• **Exercise details**
Word for word, retype the lines from the one containing "Living in Retirement" to the one containing "アルドール | キッチンでお料理をお楽しみください" below, keeping both end lines and dropping the pictures.

• **Available data**

Content starts

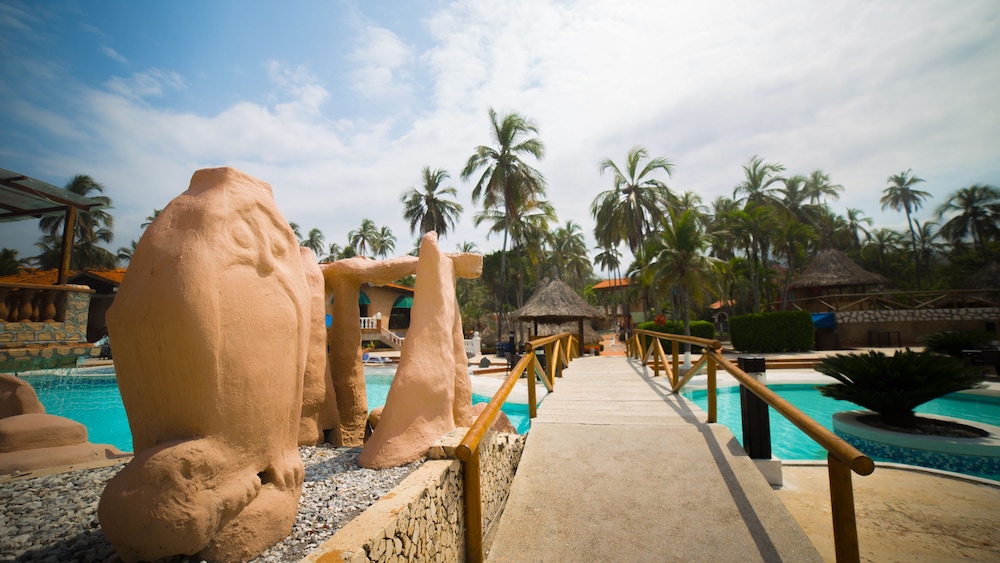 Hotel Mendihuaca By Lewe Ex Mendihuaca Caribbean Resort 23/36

Content ends
Content starts

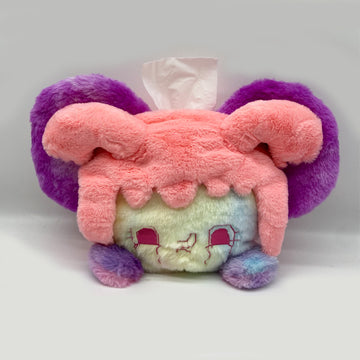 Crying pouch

Content ends
Content starts

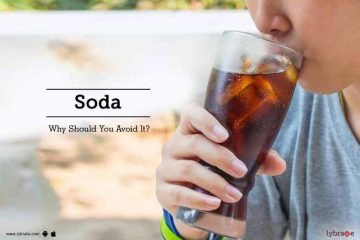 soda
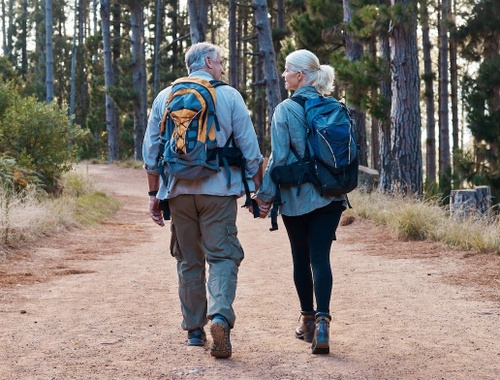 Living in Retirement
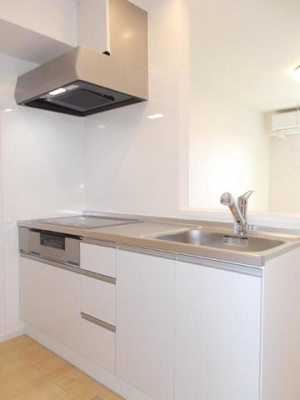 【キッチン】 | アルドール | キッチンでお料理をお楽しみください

Content ends

• **Problem solution**
 Living in Retirement
 【キッチン】 | アルドール | キッチンでお料理をお楽しみください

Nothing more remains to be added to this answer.